Die Leitung des Staatlichen Wachschutzes beeilte sich die Information der Vertreter von BJuT zurückzuweisen. “Diese Abgeordneten verprügelten sechs Mitarbeiter-Wehrdienstleistende des Staatlichen Wachschutzes und beschädigten Eigentum!”, erklärte Walerij Geletej. Seinen Worten nach, wurde der Versuch der Abgeordneten in das Zimmer einzudringen, wo der Wachhabende der Zentralen Wahlkommission die Standardwaffen aufbewahrt, zum Anlass der Konfrontation. “Jetzt arbeitet in der Zentralen Wahlkommission, in der Kommandantur, im Zimmer für die Aufbewahrung der Waffen eine Untersuchungsgruppe und ich denke, dass in der nächsten Zeit die Generalstaatsanwaltschaft entscheidet, nach welchem Artikel ein Strafverfahren eingeleitet wird.”, sagte er. Beim Pressedienst des Sicherheitsdienstes der Ukraine versicherte man, dass man mit den Ereignissen bei der Zentralen Wahlkommission nichts zu tun hat.
Die Warnung der Leitung des Staatlichen Wachsschutzes zur Eröffnung eines Strafverfahrens gegen die Abgeordneten, hat wahrscheinlich keinerlei Folgen. Wie bekannt ist, wurden vier Strafverfahren, welche die Generalstaatsanwaltschaft 2007 gegen Parlamentsabgeordnete aufgrund der Besetzung des Gebäudes der Generalstaatsanwaltschaft einleitete, vom Petschersker Kreisgericht in Kiew geschlossen (Ausgabe des “Kommersant-Ukraine“ vom 26. Juni 2007).
Die Erklärung des Leiters des Staatlichen Wachschutzes nahm man bei BJuT ironisch auf.
“Dieser Wächter (Walerij Geleteij) sagte, dass er ein Strafverfahren einleiten/Anzeige erstatten wird?”, fragte der Stellvertreter des Vorsitzenden der Fraktion des BJuT, Andrej Portnow, zurück. “Er könnte mit dem gleichen Erfolg sagen, dass er in den Weltraum fliegt!

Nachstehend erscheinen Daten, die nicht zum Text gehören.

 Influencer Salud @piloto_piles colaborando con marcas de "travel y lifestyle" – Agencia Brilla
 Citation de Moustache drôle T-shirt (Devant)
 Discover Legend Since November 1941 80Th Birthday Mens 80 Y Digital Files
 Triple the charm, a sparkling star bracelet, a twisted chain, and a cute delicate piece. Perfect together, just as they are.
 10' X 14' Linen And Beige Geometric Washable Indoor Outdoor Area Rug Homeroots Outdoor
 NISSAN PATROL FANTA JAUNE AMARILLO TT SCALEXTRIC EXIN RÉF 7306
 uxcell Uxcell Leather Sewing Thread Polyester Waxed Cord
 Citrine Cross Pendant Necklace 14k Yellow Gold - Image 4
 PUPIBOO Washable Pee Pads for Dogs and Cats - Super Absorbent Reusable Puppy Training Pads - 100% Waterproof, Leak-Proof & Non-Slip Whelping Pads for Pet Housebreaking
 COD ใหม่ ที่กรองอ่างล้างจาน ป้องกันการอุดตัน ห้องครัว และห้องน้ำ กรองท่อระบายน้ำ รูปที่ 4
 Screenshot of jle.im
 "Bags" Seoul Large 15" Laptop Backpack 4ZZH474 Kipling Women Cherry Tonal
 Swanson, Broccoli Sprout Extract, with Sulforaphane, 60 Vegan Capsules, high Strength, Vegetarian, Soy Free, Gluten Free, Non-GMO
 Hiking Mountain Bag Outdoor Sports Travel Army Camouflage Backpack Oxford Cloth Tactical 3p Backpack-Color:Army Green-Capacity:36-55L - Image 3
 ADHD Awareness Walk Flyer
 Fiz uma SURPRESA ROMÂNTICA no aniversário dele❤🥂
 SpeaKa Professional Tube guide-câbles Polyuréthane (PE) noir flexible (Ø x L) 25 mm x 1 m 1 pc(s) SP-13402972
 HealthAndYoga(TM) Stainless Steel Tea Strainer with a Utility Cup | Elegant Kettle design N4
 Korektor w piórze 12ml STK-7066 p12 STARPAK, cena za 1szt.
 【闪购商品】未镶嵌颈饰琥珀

Alle diese Erklärungen haben die gleichen Rechtsfolgen und wir werden diese nicht kommentieren.”
Portnow betonte ebenfalls, dass in der letzten Zeit die Generalstaatsanwaltschaft nicht ein Strafverfahren zu Ende führen konnte. “Alle Strafverfahren isst der Generalstaatsanwalt zum Mittag.”, scherzte er.
Der Meinung des Vorsitzenden der Verwaltung des Zentrums für Politische Forschungen “Penta”, Wladimir Fesenko, nach, kann die Verstärkung der Bewachung von staatlichen Einrichtungen durch Mitarbeiter der Spezialabteilungen lediglich psychologischen Druck auf die Konfliktseiten ausüben. “Bislang gilt die Abgeordnetenimmunität und solange es die Möglichkeit der Einflussnahme auf richterliche Entscheidungen gibt, bringen die Handlungen der Leitung des Innenministeriums und des Staatlichen Wachschutzes keine Resultate.”, denkt der Politologe. Das einzige, was garantiert ist kann man über Verordnungen erreichen, ähnlich der des Präsidenten, doch führt dies zu weiteren Zusammenstößen zwischen den Machtorganen.